4月4日に発表された報告書によると、パリ市民が郊外から都心へ移動する方法、特にラッシュ時の移動手段は、何キロにもわたって自転車専用道路が整備されたおかげもあって革命的な変化を遂げている。
現在、パリ中心部の道路を自転車で走る人々は、自転車ロードレース「ツール・ド・フランス」で見られるような伸縮性のあるサイクルウェアに身を包んだプロではなく、日常の交通手段として自転車を活用している。
パリ地域研究所は、地方自治体や鉄道会社など14の官民団体からなるコンソーシアムの依頼で調査を実施した。
フランスのTV「20 Minutes」は同研究所の調査結果を受けて、「パリの自転車専用道路は常に自転車でいっぱい」と報じた。

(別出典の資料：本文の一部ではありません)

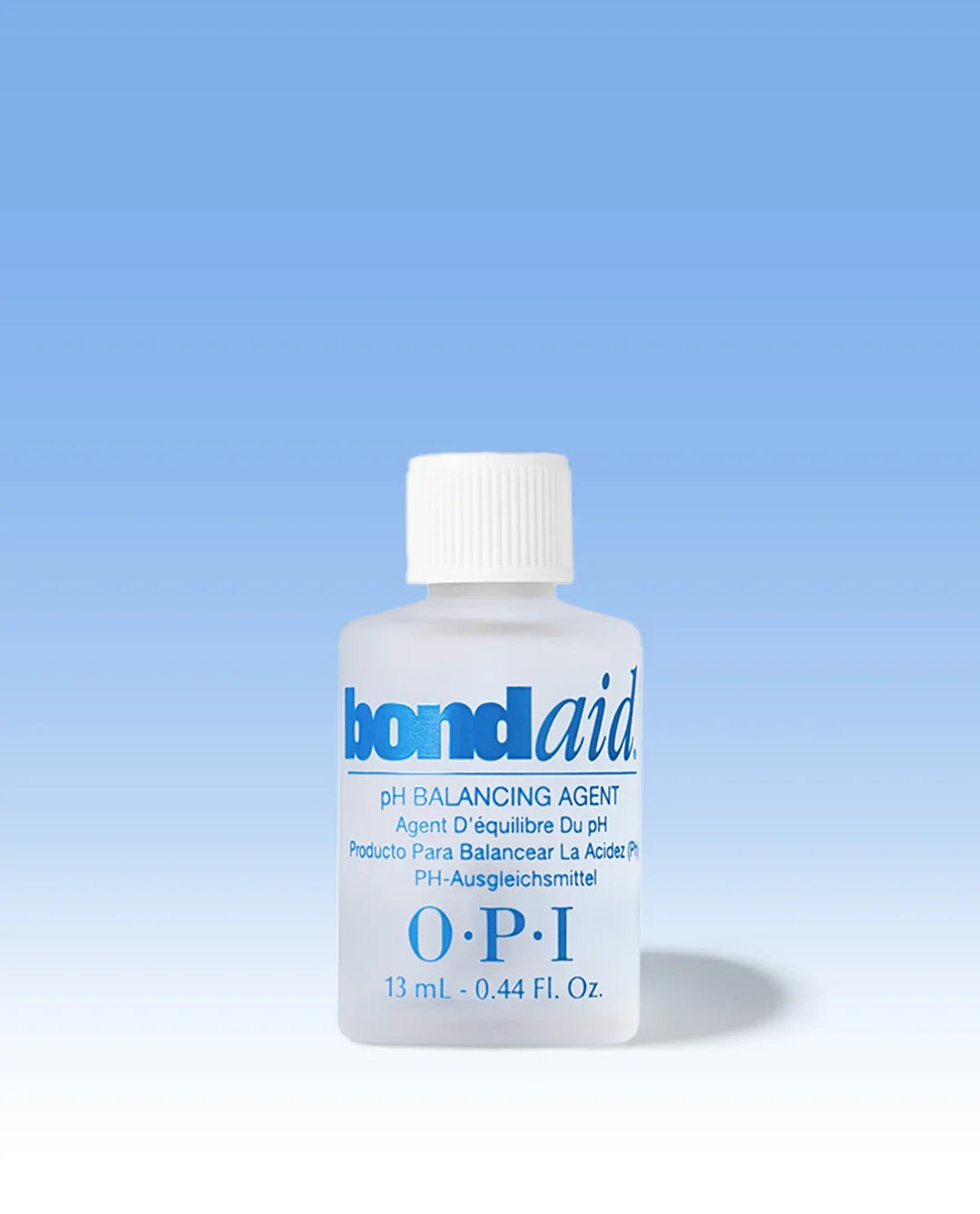 OPI Bond Aid Ph Balancing Agent 30ml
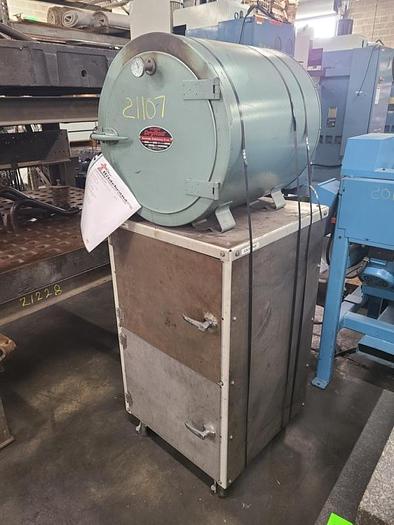 Used PHOENIX DRY ROD OVEN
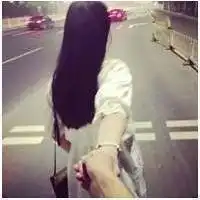  有么有和它一对的情侣头像,它是不是情侣头像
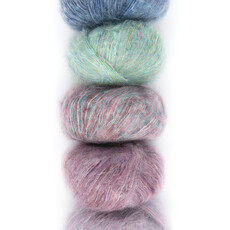 Cascade Yarns Kid Seta Hand Paints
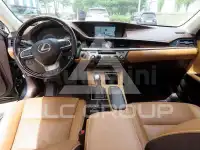 2017 Lexus ES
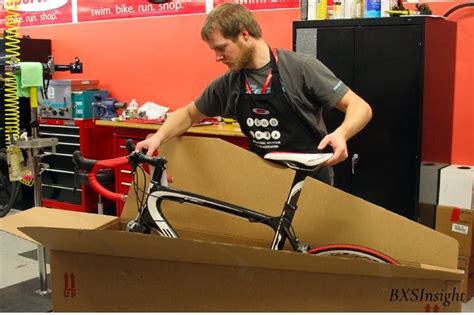 can you ship a bike.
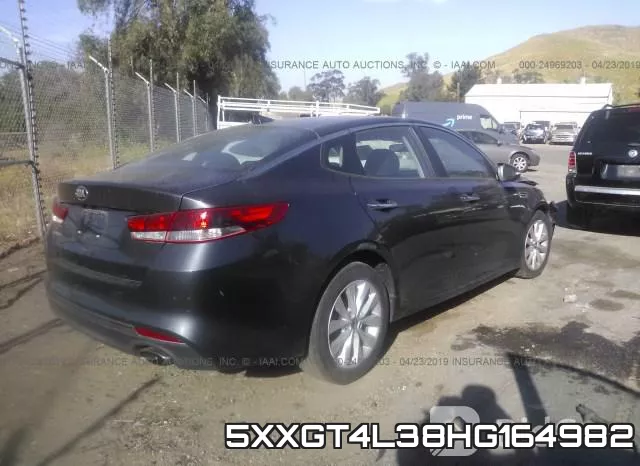 5XXGT4L38HG164982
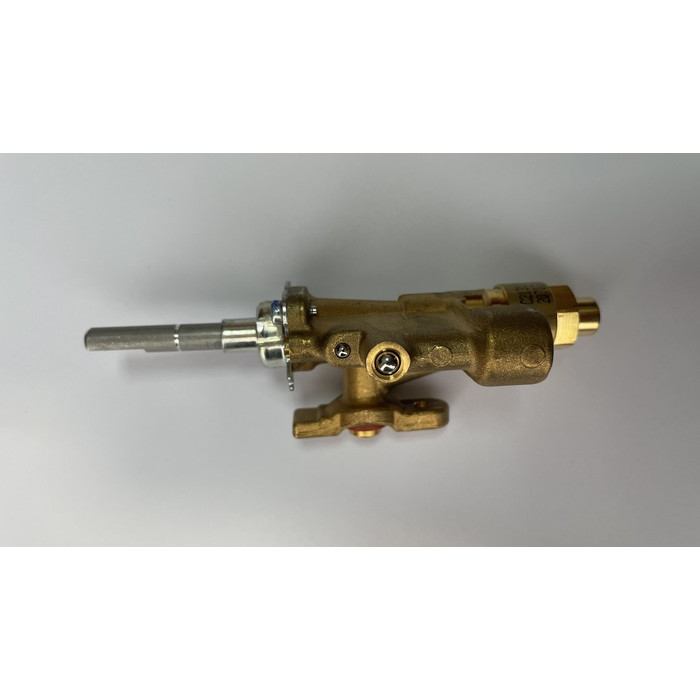 Кран конфорки газової плити KAISER 8047321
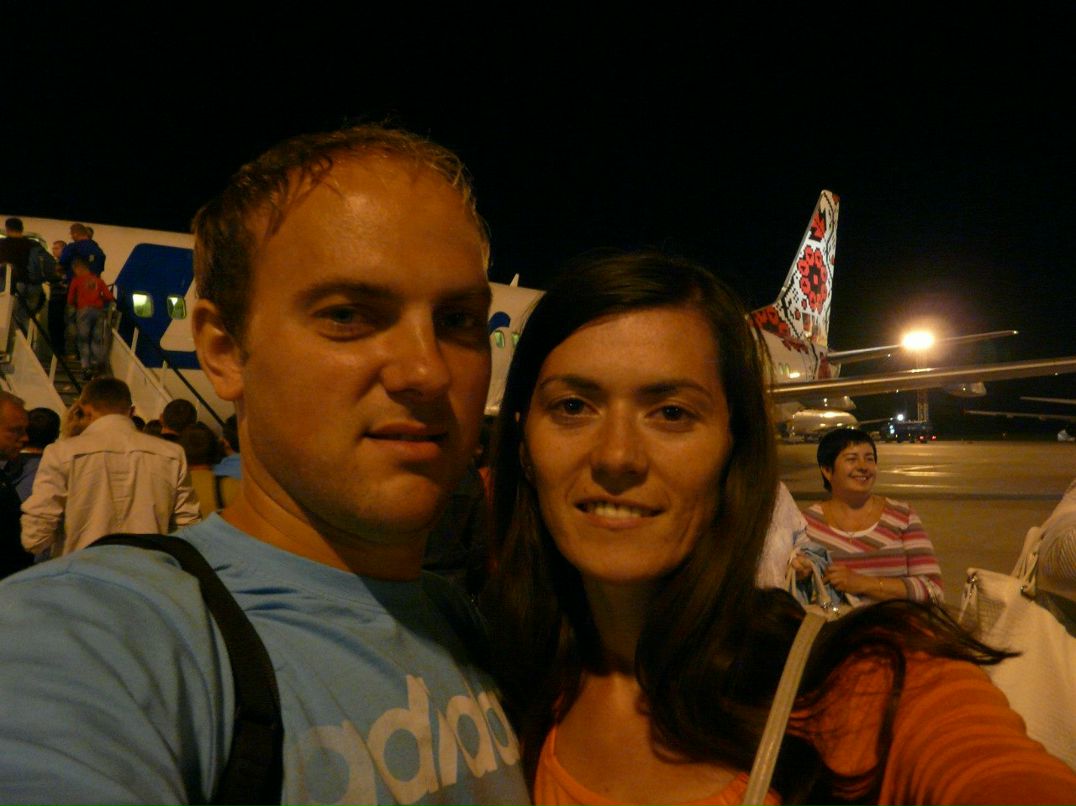 Сергій Татарин | Нововолынск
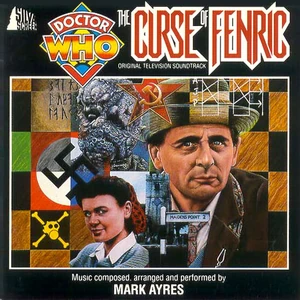 Curse of fenric cd
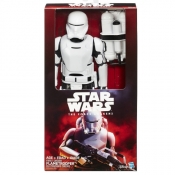 HASBRO Star Wars E7 figurka Flametrooper (B3914EU40/B3916)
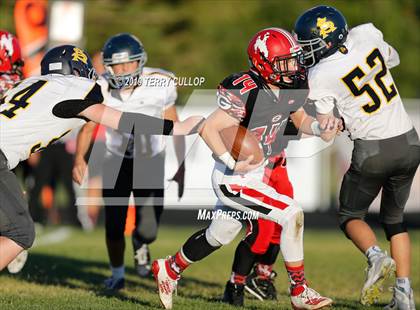 Thumbnail 3 in Summit Academy @ Grantsville photogallery.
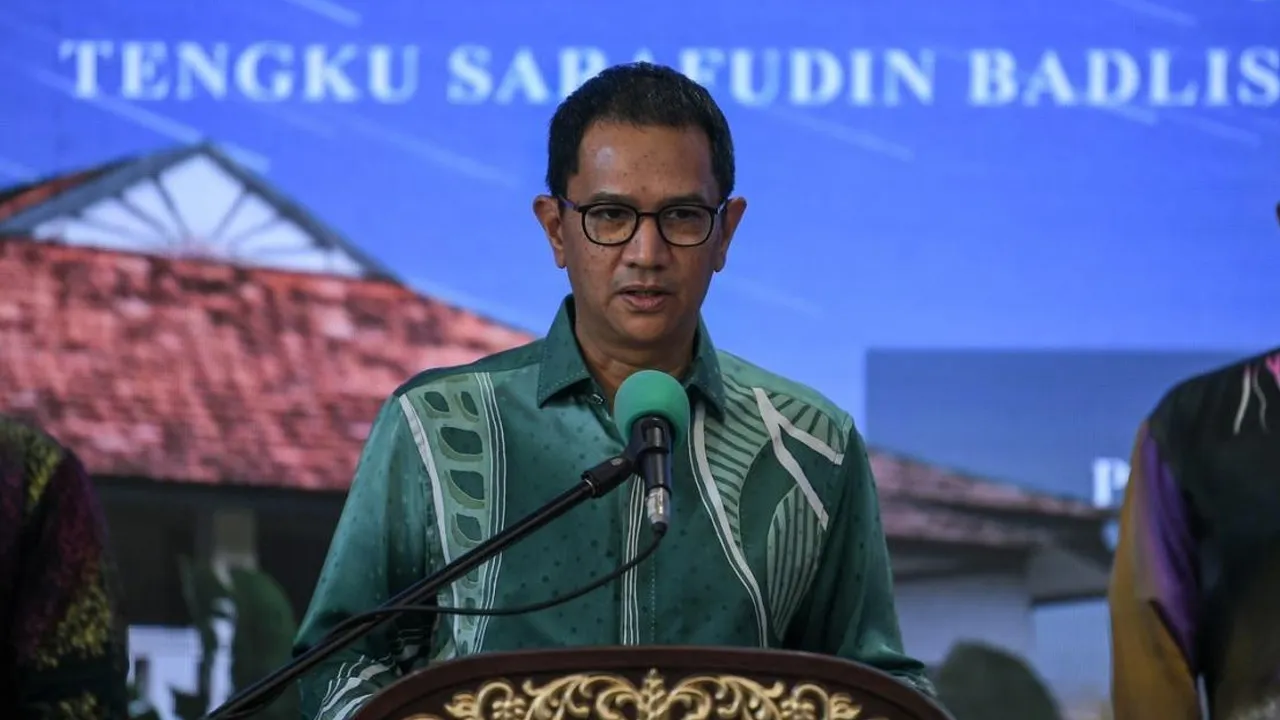 BERNAMA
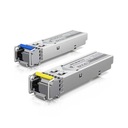 Ubiquiti UACC-OM-SM-1G-S-2, UF-SM-1G-S, modul SFP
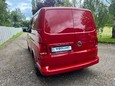 Volkswagen Transporter T32 TDI KOMBI HIGHLINE 15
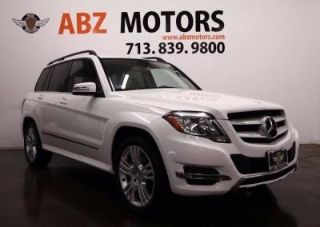 Used 2013 Mercedes-Benz GLK 350 in Houston, Texas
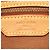 Louis Vuitton Monogram Sologne Crossbody Shoulder Bag Braun - Ansicht 11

調査は2022年10月から2023年4月にかけて、16〜80歳のパリ市民3337人を対象に実施。GPSトラッカーを装着してもらい、連続7日間の移動を記録した。公共交通手段がさほどない郊外では、クルマが主な移動手段だった。だがパリの郊外から中心部への移動では、自転車の利用がクルマを大きく上回り、わずか5年前から大きく変化している。記録された移動のほとんどは通勤・通学だった。
社会党に所属するパリ市長のアンヌ・イダルゴは、2期の政権で駐車場の削減やSUVの乗り入れ制限、一部の主要道路でのクルマ通行規制など、クルマの利用を抑制する多くの策を推し進めてきた。今回の調査結果は、イダルゴの政策を評価するものとなるだろう。この政策はパリでありがちな抗議デモを引き起こしていない。
要するに、クルマの締め出しはイダルゴに対して批判的なクルマ好きの人々が予測したよりもはるかに支持を得ており、パリはよりきれいで健康的な都市になっているということだ。
注目すべきは、フランス国外でよく見られる陰謀論が広まることなく、パリは「15分都市」という自国発のコンセプトも実践している点だ。これにより、首都圏では日常のほとんどの用事を近所で済ませられるため、クルマをさほど必要としない。